Billy is a “white hat,” thinks himself a Good Guy and tries to behave as such. Logan is a “black hat” and indulges in all forms of debauchery and robo-murder at the park. Billy likes Dolores; Logan thinks of her as a toaster. And then years later the Man In Black annually returns to the park, where he tortures and “murders” Dolores. You’d think that that wouldn’t really be the sort of thing that Billy would become. But in the most recent episode, you see the start of Billy becoming a different person. So what are we heading towards?

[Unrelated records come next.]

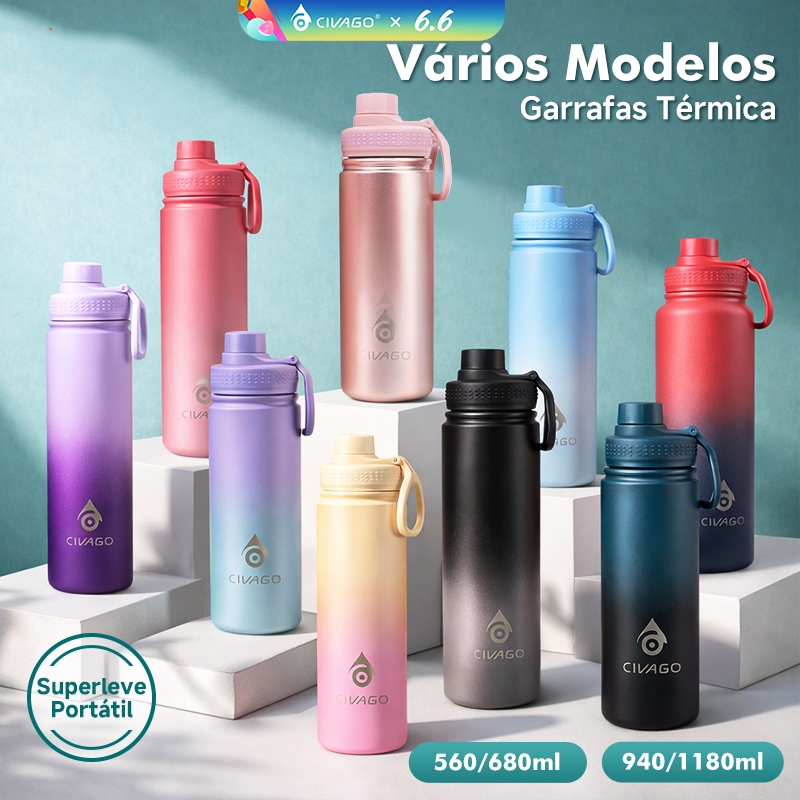 CIVAGO Garrafa Térmica 560ml-1180ml com Alça Quente & Frio Com Isolamento Térmico De Grande Capacidade BPA Free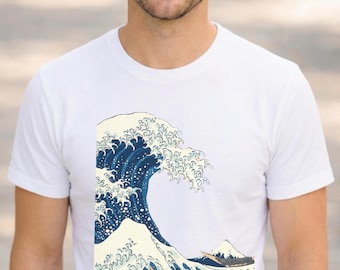 Wave print T-Shirt, Hokusai Japanese Art, Ocean Scene (Made In US)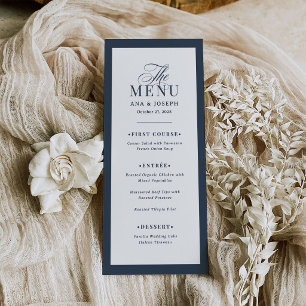 Classic Luxe   Navy Blue and White Border Wedding Menu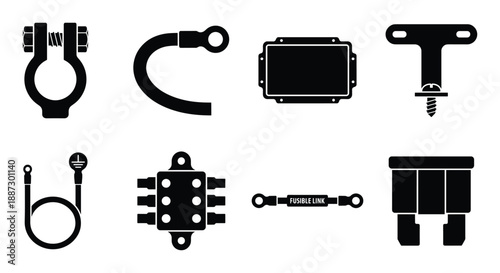 Automotive electrical components icons for car wiring system, battery and fuse link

My speculation: sometime in the near-ish future, we’ll see that massive screwup at the park. My guess is that something happens to the robots so that they no longer are inhibited against killing the Guests. Perhaps they will become self aware and will actively try to exterminate the Guests. Billy obviously survives but is changed by it; perhaps Dolores, who we saw starting to undergo some pretty substantial personality changes, does something pretty nasty to Billy (have we seen the Man In Black without a hat? Perhaps there’s no scalp there…). Maybe she murders Logan, who is at least nominally some sort of friend of Billies.

But then… perhaps all that, but Logan actually becomes the Man In Black. It would seem a straighter course. Perhaps Dolores leads the Bot Uprising and kills Billy; that could easily set Logan on the course to becoming the Man In Black.

An episode or two back there was a brief sequence set clearly in the “past,” with a much younger Ford. This was done via computer trickery, presenting a youthenized Anthony Hopkins. So perhaps we will see more of that. And I kinda hope so: one of my favorite character actors, Michael Wincott (he played Malcolm Reynolds in “Alien: Resurrection” and Donald Trump in “The Crow”), plays an early model robot kept in storage. It’d be nice to see him out and about… and if he’s shown out and about with Billy and Logan, it’ll pretty well nail down the fact of the different eras being depicted.